[Data excerpts — start]
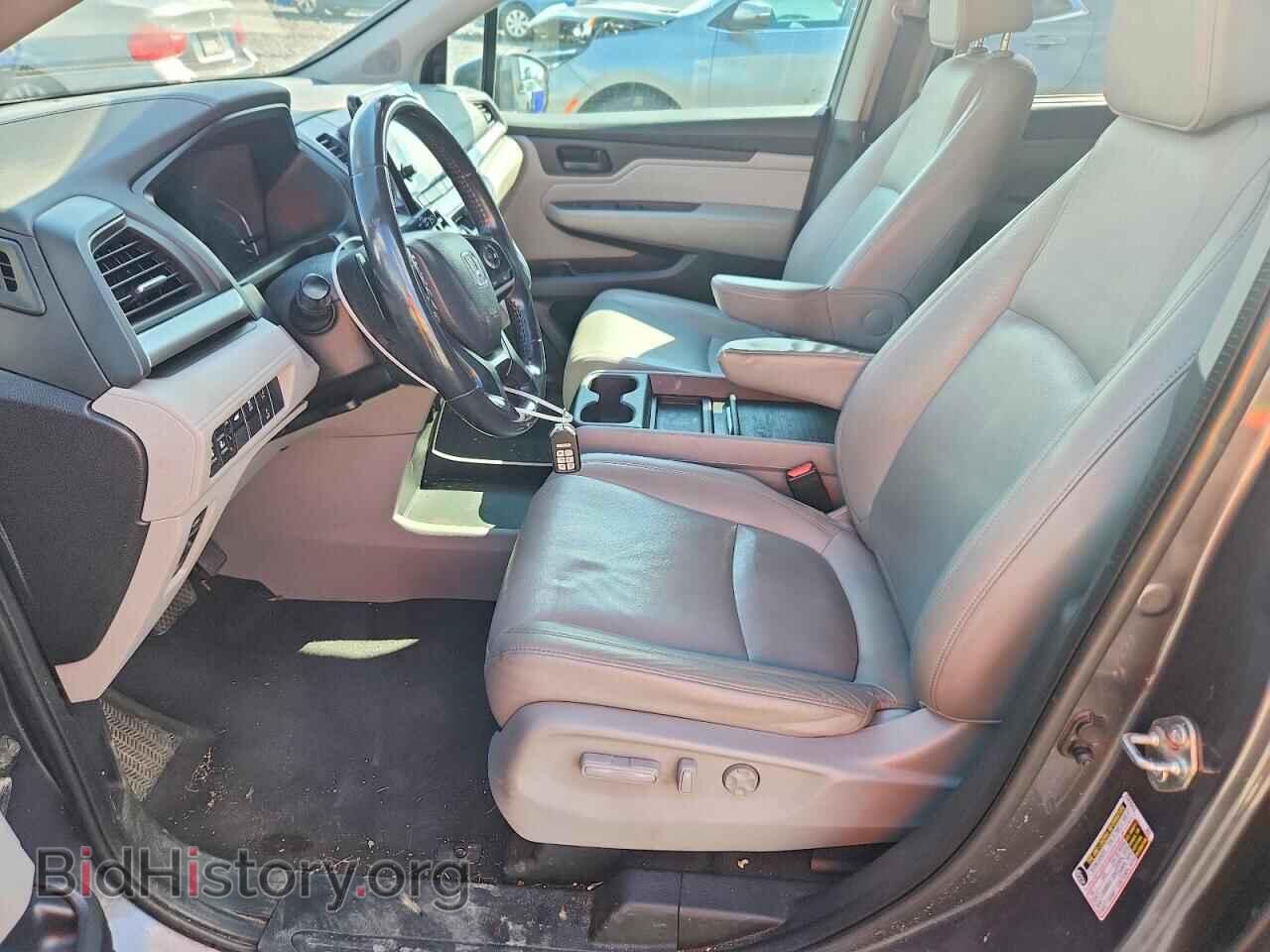 2019 HONDA ODYSSEY - VIN: 5FNRL6H70KB018621 - Фото 7
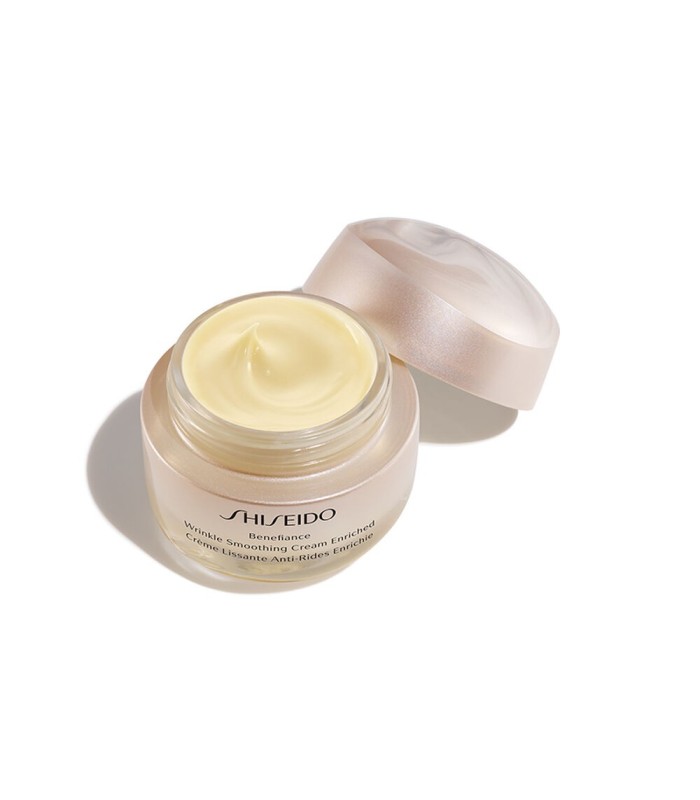 BENEFIANCE WRINKLE SMOOTHING  - crème lissante enrichie 50 ml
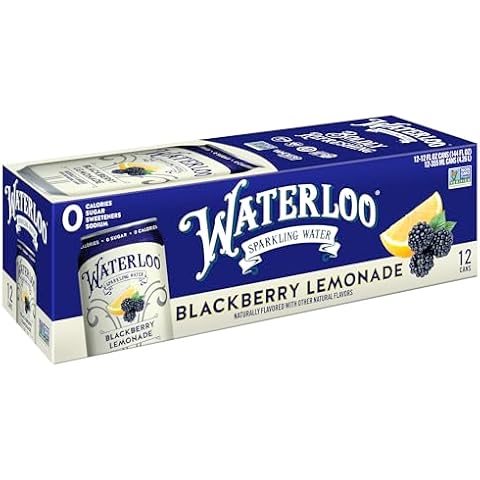 Waterloo Sparkling Water thumbnail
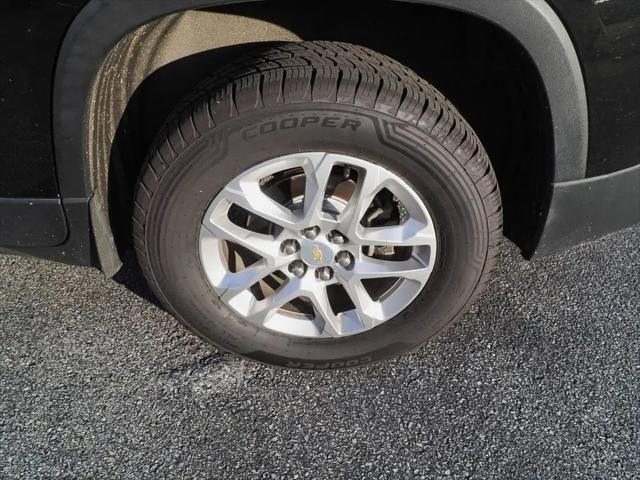2019 Chevrolet Traverse 1LT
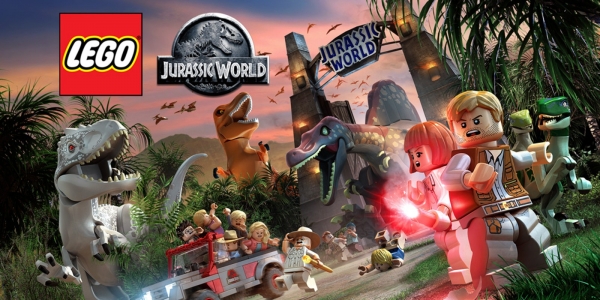30 dagar kvar till LEGO® Jurassic World släpps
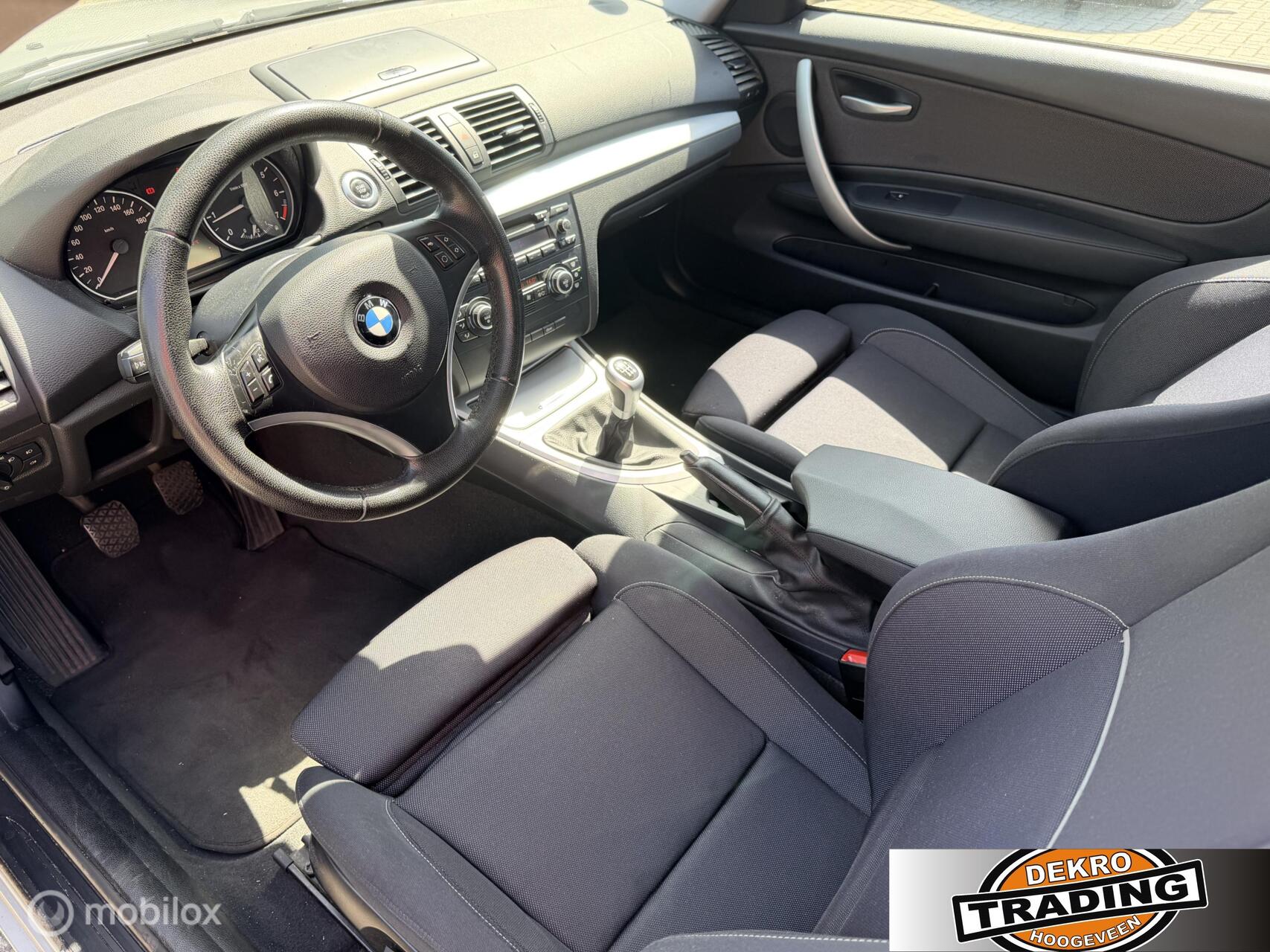 Foto van BMW 1er Reihe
[Data excerpts — finish]
What you need to do: Each line above is to be copied exactly, and the pictures are to be dropped.

Solution to this task:
 2019 HONDA ODYSSEY - VIN: 5FNRL6H70KB018621 - Фото 7
 BENEFIANCE WRINKLE SMOOTHING  - crème lissante enrichie 50 ml
 Waterloo Sparkling Water thumbnail
2019 Chevrolet Traverse 1LT
30 dagar kvar till LEGO® Jurassic World släpps
 Foto van BMW 1er Reihe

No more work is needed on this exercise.